Bruna estaba pasmada. Hacía tiempo que no escuchaba algo tan violento. Y aún le parecía más culpable Ovejero por haber invitado a semejante tarado a un programa con audiencia, y por haberle dejado soltar su panfleto paranoico sin contradecirle ni cortarle, apenas simulando una pantomima de disensión. Pero, claro, ¿qué se podía esperar de un tipejo que se refería a los humanos como «la gente normal»?

– Esto es inaudito… Yo creo que habría que ponerles una denuncia por incitación a la violencia entre especies… -farfulló Yiannis.

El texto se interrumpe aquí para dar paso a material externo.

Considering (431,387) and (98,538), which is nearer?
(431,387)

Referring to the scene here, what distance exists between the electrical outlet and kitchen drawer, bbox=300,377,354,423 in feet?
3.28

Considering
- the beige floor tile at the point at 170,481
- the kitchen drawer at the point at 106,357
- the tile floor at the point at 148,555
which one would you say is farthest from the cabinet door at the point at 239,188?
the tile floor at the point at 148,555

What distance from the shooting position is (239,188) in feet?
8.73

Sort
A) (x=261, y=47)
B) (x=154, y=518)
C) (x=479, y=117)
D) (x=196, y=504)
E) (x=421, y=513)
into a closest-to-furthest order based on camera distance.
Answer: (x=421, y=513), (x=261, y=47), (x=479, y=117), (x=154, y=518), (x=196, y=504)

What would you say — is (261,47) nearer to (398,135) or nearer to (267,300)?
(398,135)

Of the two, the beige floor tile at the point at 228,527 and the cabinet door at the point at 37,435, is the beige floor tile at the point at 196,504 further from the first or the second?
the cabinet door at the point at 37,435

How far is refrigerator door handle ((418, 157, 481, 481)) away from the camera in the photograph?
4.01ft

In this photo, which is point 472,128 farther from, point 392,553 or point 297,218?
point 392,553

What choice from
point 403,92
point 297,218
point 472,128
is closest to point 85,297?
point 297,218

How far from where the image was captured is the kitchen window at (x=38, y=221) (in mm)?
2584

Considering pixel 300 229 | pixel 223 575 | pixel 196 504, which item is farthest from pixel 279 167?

Tal vez Hericio hubiera pagado a Ovejero, pensó Bruna. O tal vez el fanatismo antirrep estuviera creciendo mucho más deprisa de lo que ella pensaba. Se estremeció. «Vamos, Husky, tú sabes que estamos totalmente discriminados», había dicho Myriam. Y también ella había hablado de conspiraciones y conjuras… desde el otro lado. No podía ser, estaban todos chiflados. Tenía que tratarse de algo más estúpido y más simple. De una partida de memas estropeadas. Notó un pequeño punto de escozor dentro de su cabeza, una pequeña idea pugnando por salir. Decidió no prestarle atención: por lo general, las ideas afloraban a la superficie por sí solas si ella se relajaba.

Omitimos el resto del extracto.